PROBLEM REQUIREMENTS: In the entries below, find the line with "Hand of car" and the line with "pair of brass". Repeat exactly everything between them, those two lines included, but not the pictures.

THE INPUT:
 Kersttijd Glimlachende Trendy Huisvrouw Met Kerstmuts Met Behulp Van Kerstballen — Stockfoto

* * *

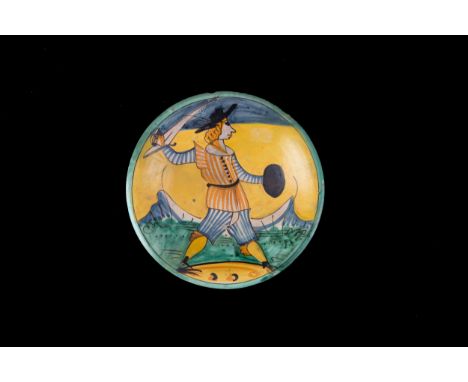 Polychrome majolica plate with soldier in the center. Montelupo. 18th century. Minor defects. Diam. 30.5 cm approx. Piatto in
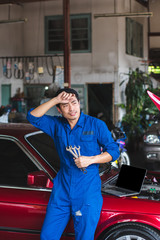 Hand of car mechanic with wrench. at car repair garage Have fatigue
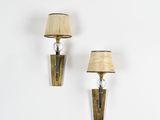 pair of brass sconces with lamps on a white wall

SOLUTION BELOW:
 Hand of car mechanic with wrench. at car repair garage Have fatigue
 pair of brass sconces with lamps on a white wall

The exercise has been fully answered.